‘Lion’s’ story is a movie of two halves. Caught between the present and the past, its characters can not move forward without being tied to their origins and its here that there is a disparity of riches.
Whilst Dev Patel puts in a career-best performance (where he is at last allowed to broaden his range), the past (as carried by first-time actor Sunny Pawar) easily eclipses Patel’s turn and becomes the centre of the story. As is so often the case with break-through performances and first-time actors, they seem to bring a heightened sense of reality to the proceedings, so much so that when the main plot (or A-list cast) arrive the movie can start to feel suddenly pedestrian. And so it is with ‘Lion’. The first half is ably carried by talented unknowns only to be later supplanted by all-too familiar acting faces and its hard-won immediacy slowly slips away into a sense of melodramatic predictability, which is a shame given the true-life nature of the tale.
Mirroring the determination of its central character, it resolutely sticks to its central tenet of abandonment.
In the end, ‘Lion’ is a story about separation and isolation and how the past can have a hold on the future.
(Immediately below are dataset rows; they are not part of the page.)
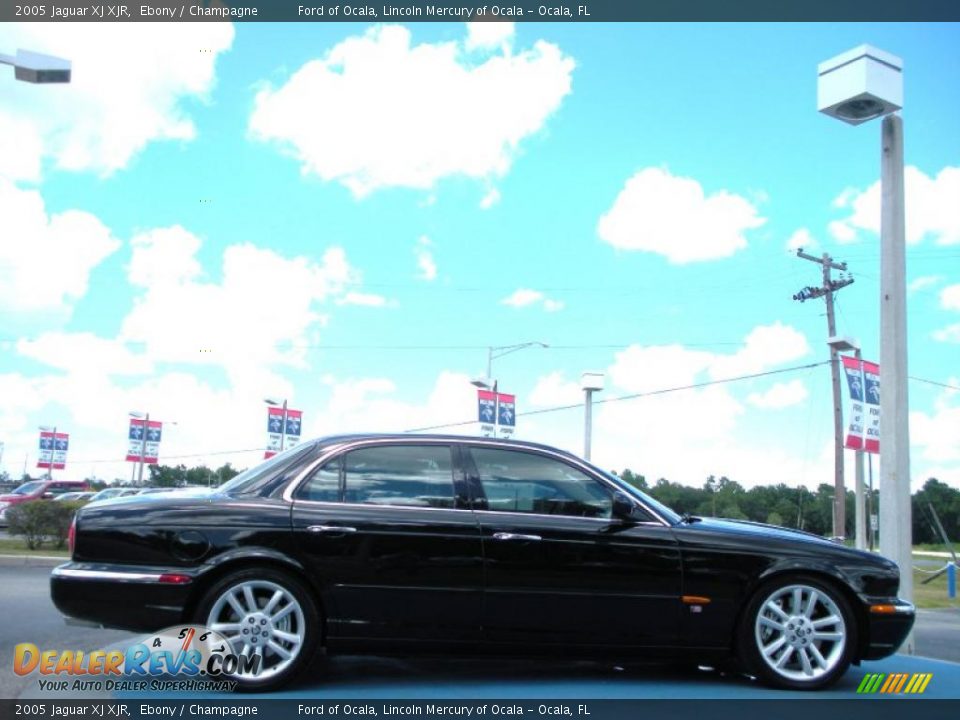 2005 Jaguar XJ XJR Ebony / Champagne Photo #6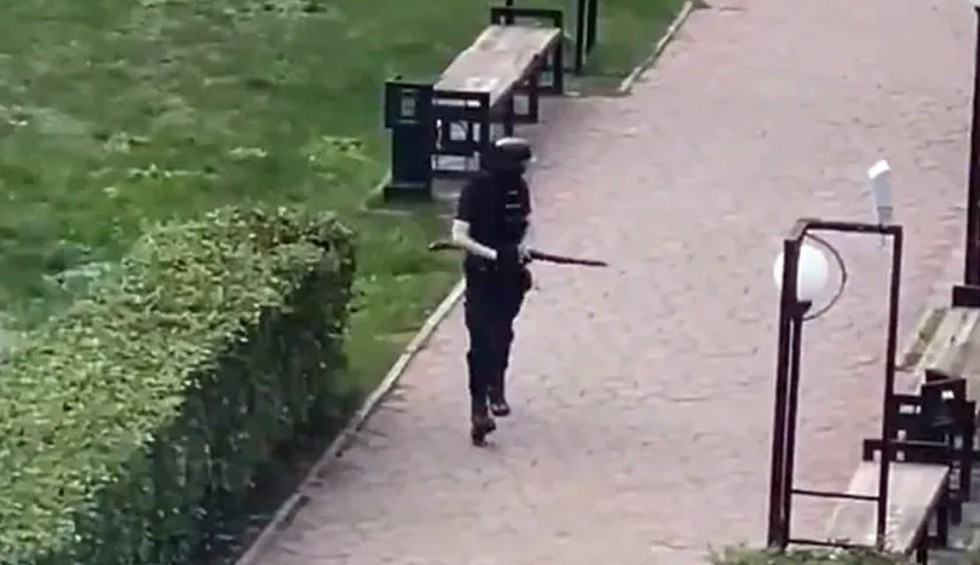 A generic square placeholder image with rounded corners in a figure.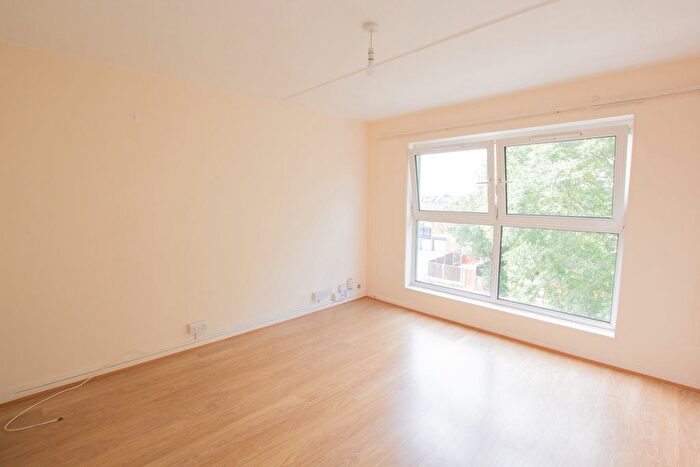 2 Bedroom Flat To Rent In Copperfield, Chigwell, IG7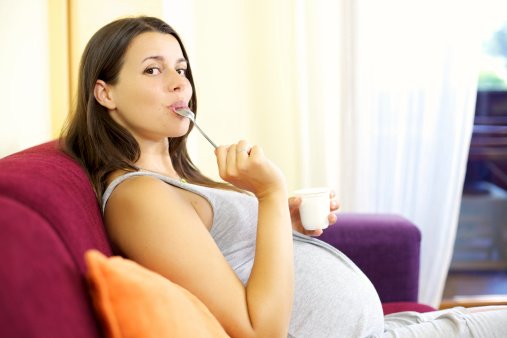 Qué alimentos debes evitar durante el embarazo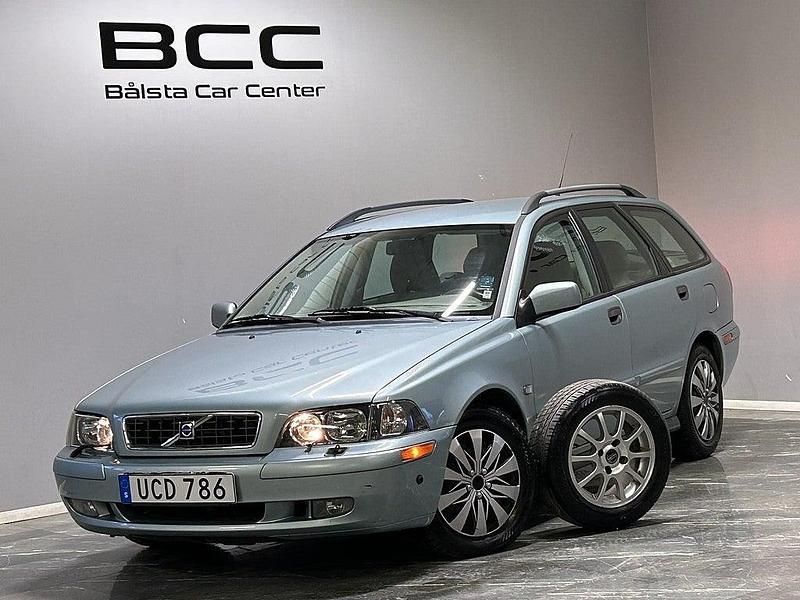 Grön Begagnad 2003 Volvo V40 Kombi | 39 900 kr (Dyr) - Bild 1/3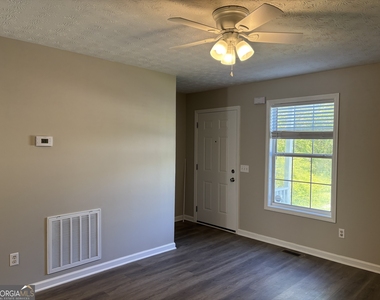 97 Lily Drive - Photo Thumbnail 4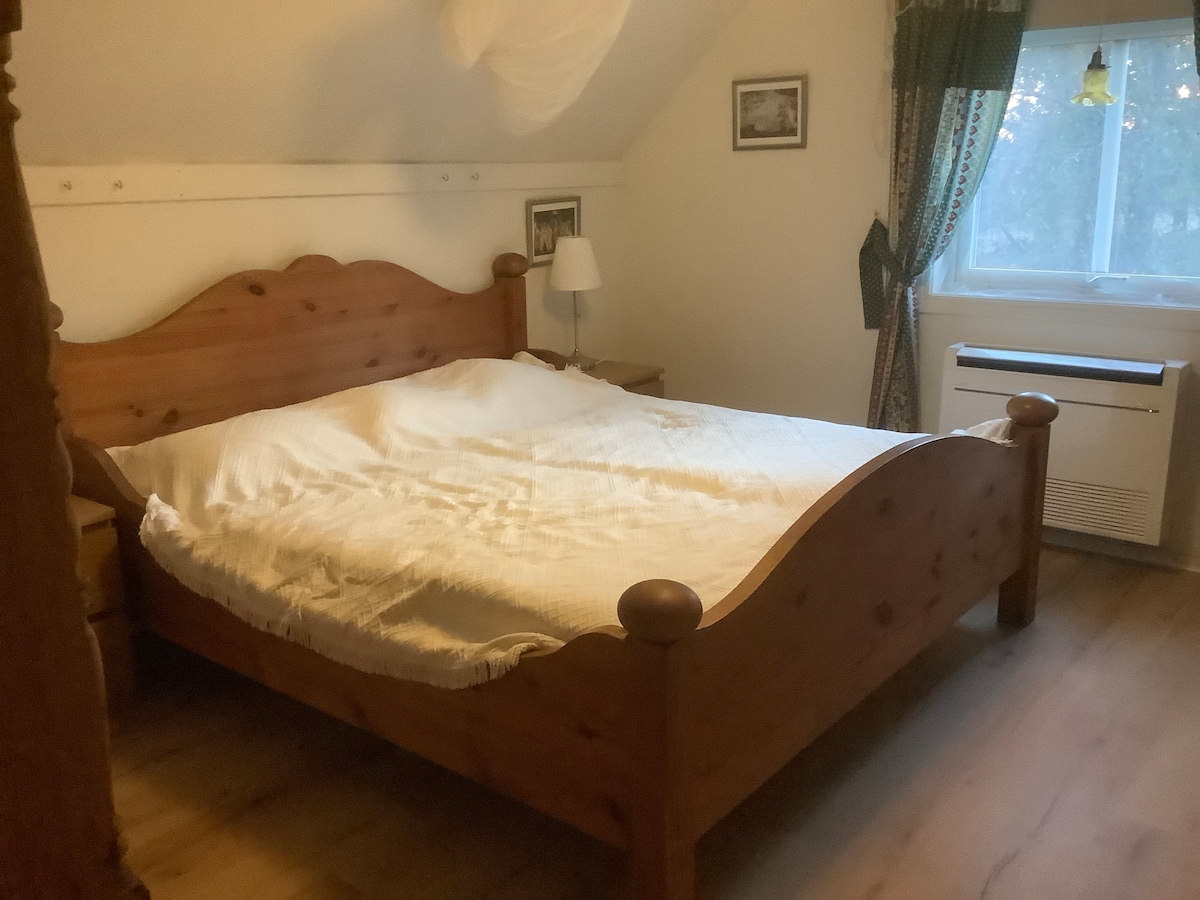 热泵与餐厅共用外面。 两者都必须使用相同的功能，无论是加热还是制冷
房间面积宽敞，可放置旅行床。 如果孩子想与父母同住一间房，可提供额外的床垫。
Mirroring the determination of its central character, it resolutely sticks to its central tenet of abandonment, at the expense of exploring some of its other characters, which might have yielded even more and drama and suspense.
On reflection ’Lion’s’ adherence to veracity and the eschewing of saccharine is commendable as are the performances (especially in the first half). However as a tale of perseverance against crushingly futile odds, it wanes against similar movies like Denis Villeneuve’s ‘Incendies’ and the evergreen ‘The Killing Fields’ both of which will have you choking back the tears until the very last second.